Task input:
____

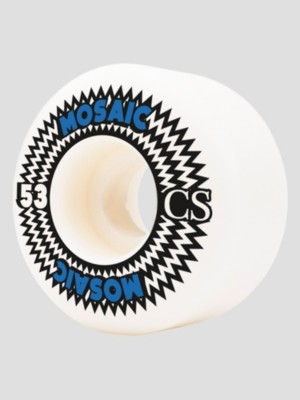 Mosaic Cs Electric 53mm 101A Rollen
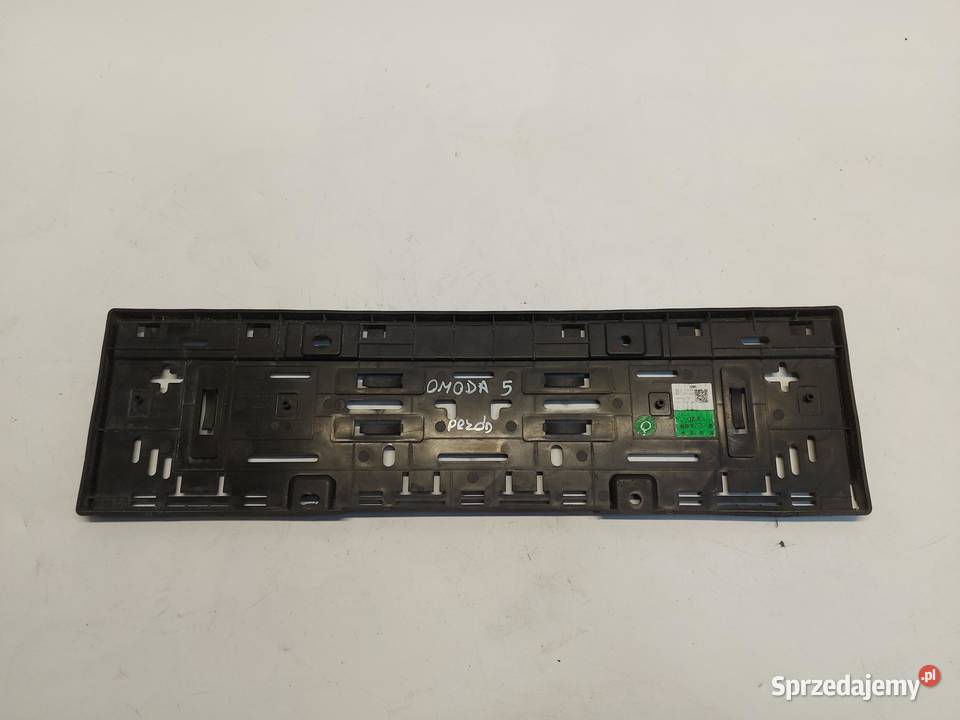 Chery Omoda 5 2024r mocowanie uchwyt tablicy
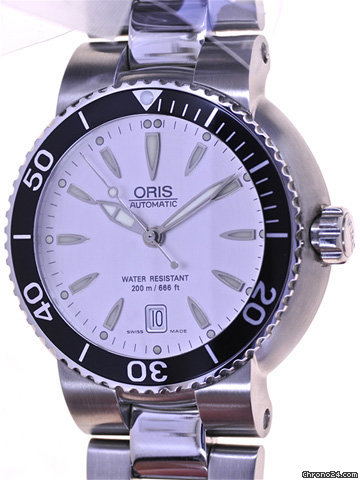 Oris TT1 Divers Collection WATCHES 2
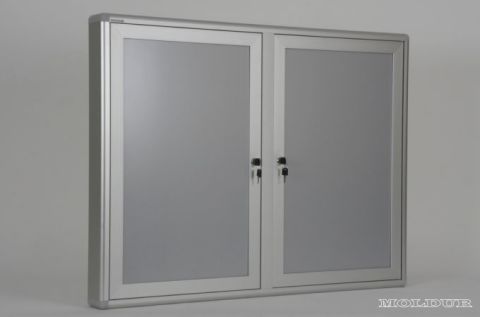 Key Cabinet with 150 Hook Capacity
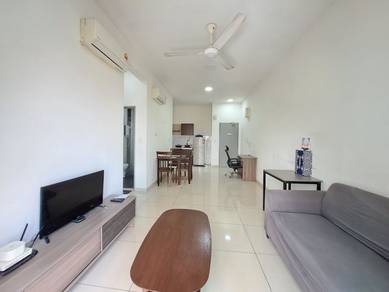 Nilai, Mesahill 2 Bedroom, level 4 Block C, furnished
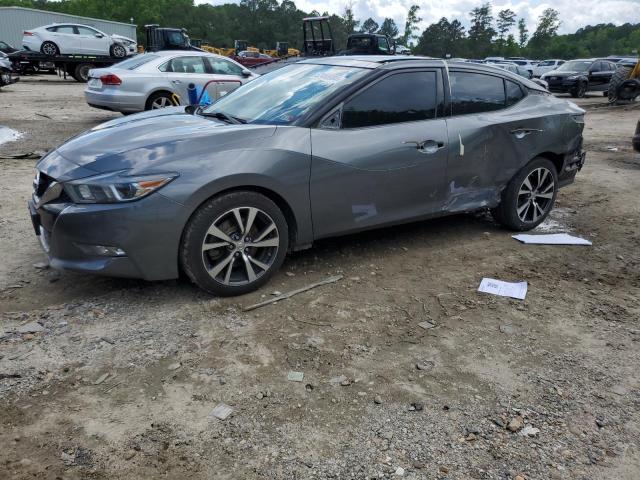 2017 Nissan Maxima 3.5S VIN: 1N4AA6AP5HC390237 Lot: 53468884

____

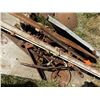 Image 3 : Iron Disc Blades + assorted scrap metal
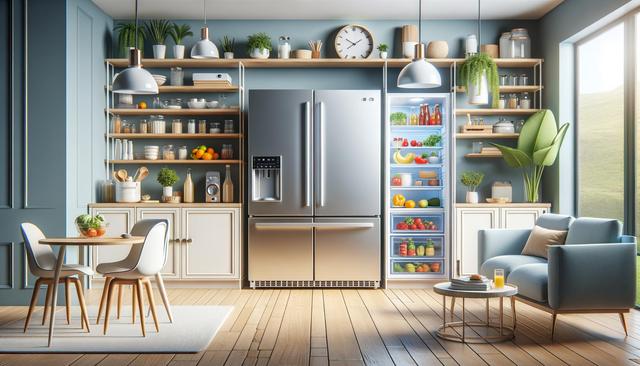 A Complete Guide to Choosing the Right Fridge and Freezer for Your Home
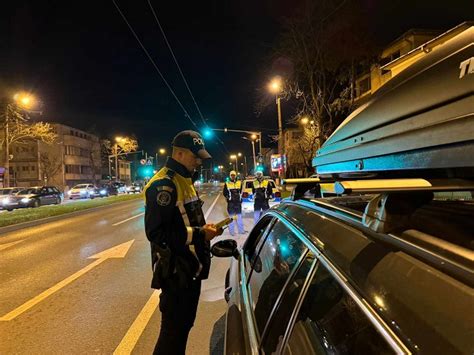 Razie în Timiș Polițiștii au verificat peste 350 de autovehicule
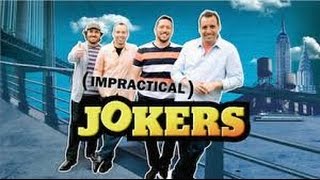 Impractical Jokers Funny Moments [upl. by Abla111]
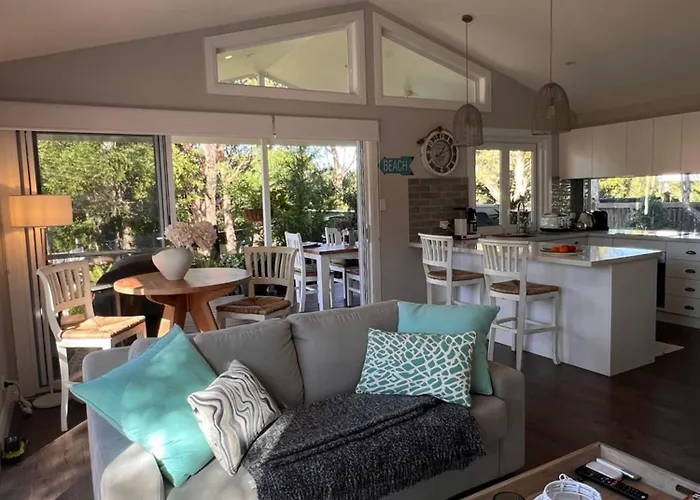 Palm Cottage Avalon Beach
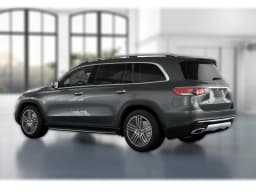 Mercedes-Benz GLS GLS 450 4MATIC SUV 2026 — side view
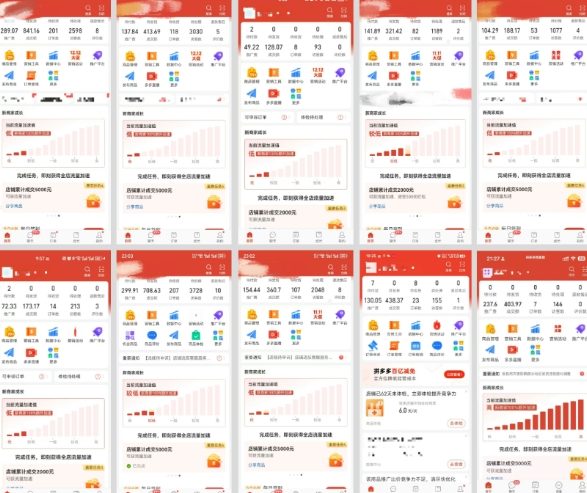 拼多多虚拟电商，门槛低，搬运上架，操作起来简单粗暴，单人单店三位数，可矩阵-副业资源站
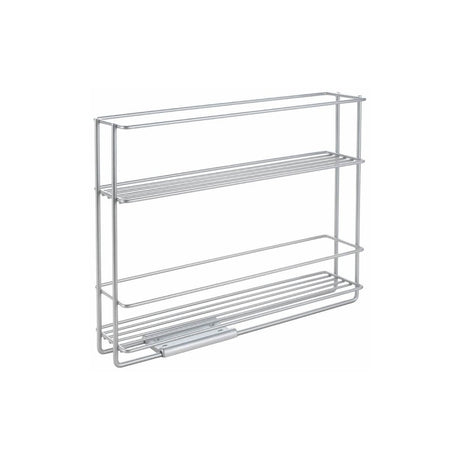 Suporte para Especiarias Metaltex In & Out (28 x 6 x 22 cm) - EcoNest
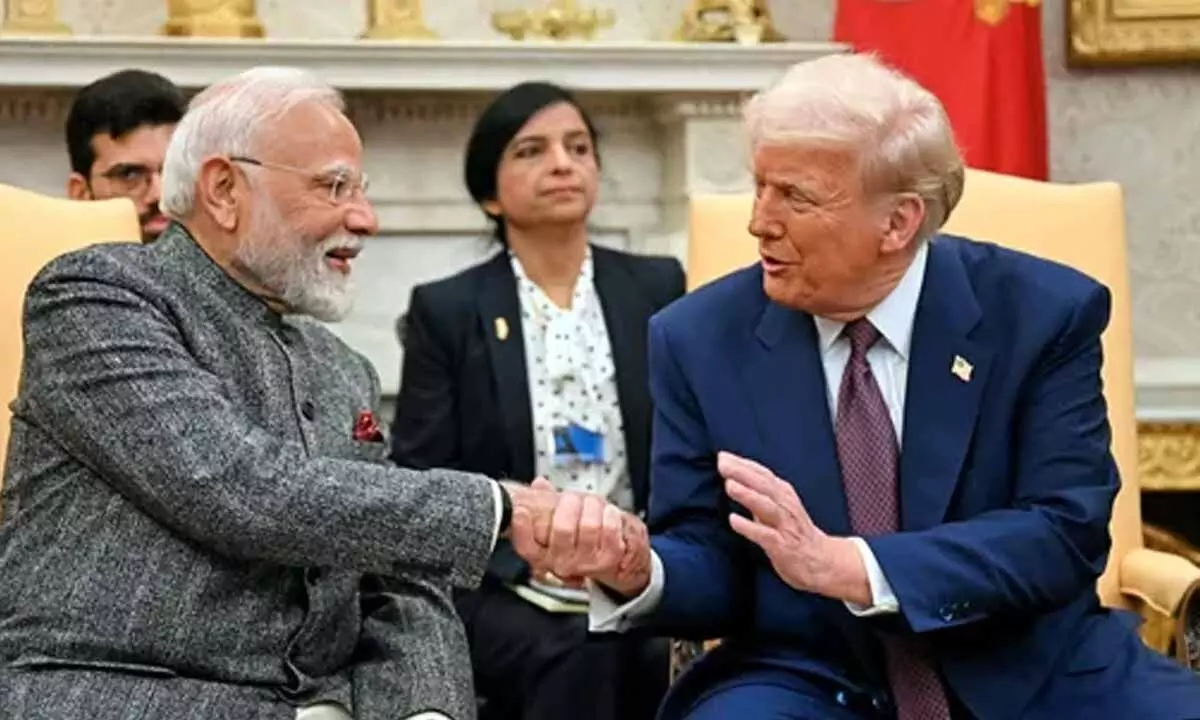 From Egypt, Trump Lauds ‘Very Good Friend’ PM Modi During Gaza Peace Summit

____

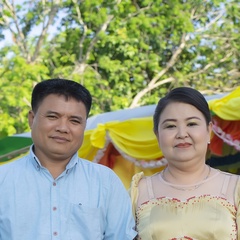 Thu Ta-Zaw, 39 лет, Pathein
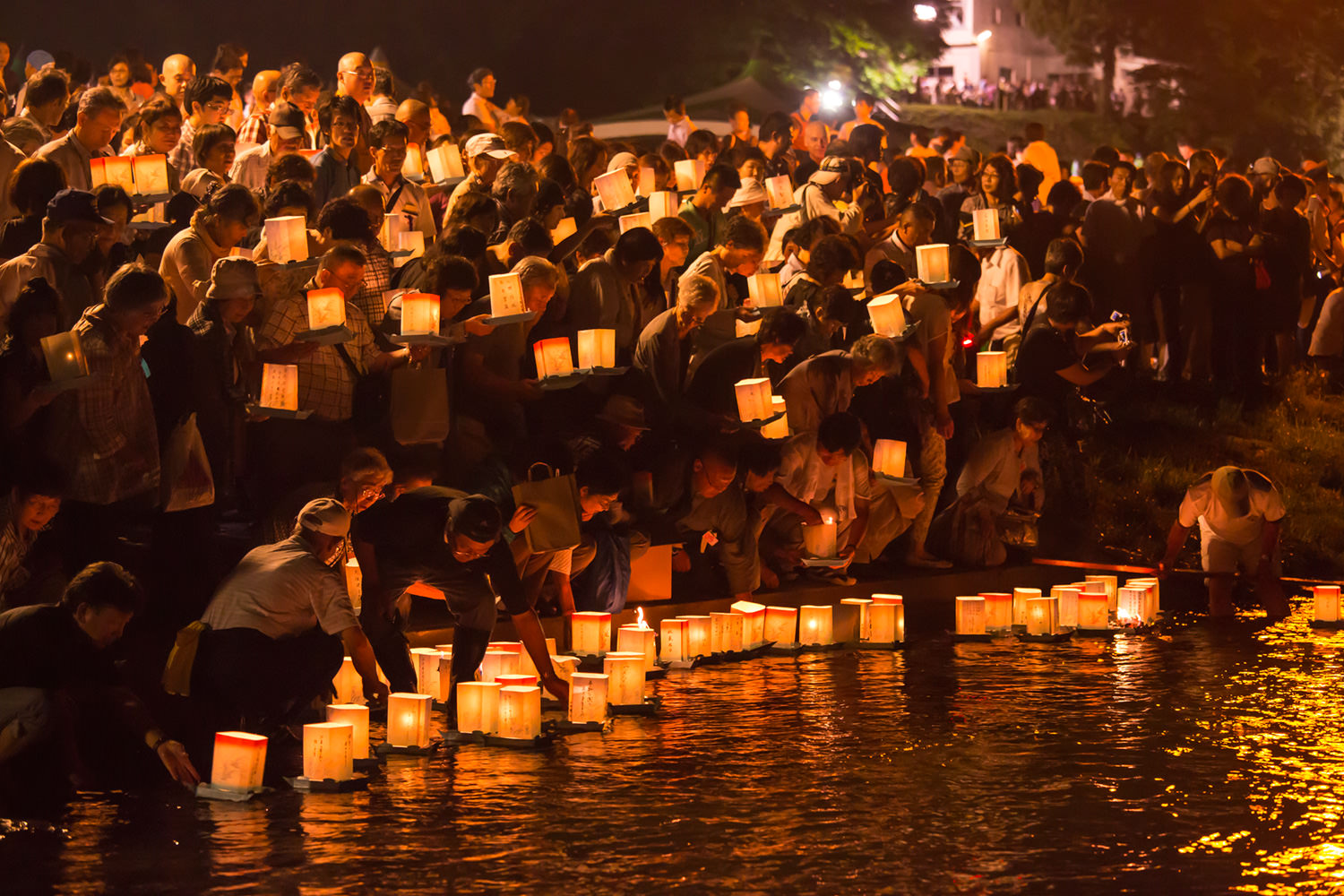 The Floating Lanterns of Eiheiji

____

Work request: Write back the stretch of lines above that begins with the line holding "Mosaic Cs Electric 53mm 101A Rollen" and ends with the line holding "2017 Nissan Maxima", both included, exactly as written. Pictures stay out.

Solution to the problem:
 Mosaic Cs Electric 53mm 101A Rollen
 Chery Omoda 5 2024r mocowanie uchwyt tablicy
 Oris TT1 Divers Collection WATCHES 2
 Key Cabinet with 150 Hook Capacity
 Nilai, Mesahill 2 Bedroom, level 4 Block C, furnished
 2017 Nissan Maxima 3.5S VIN: 1N4AA6AP5HC390237 Lot: 53468884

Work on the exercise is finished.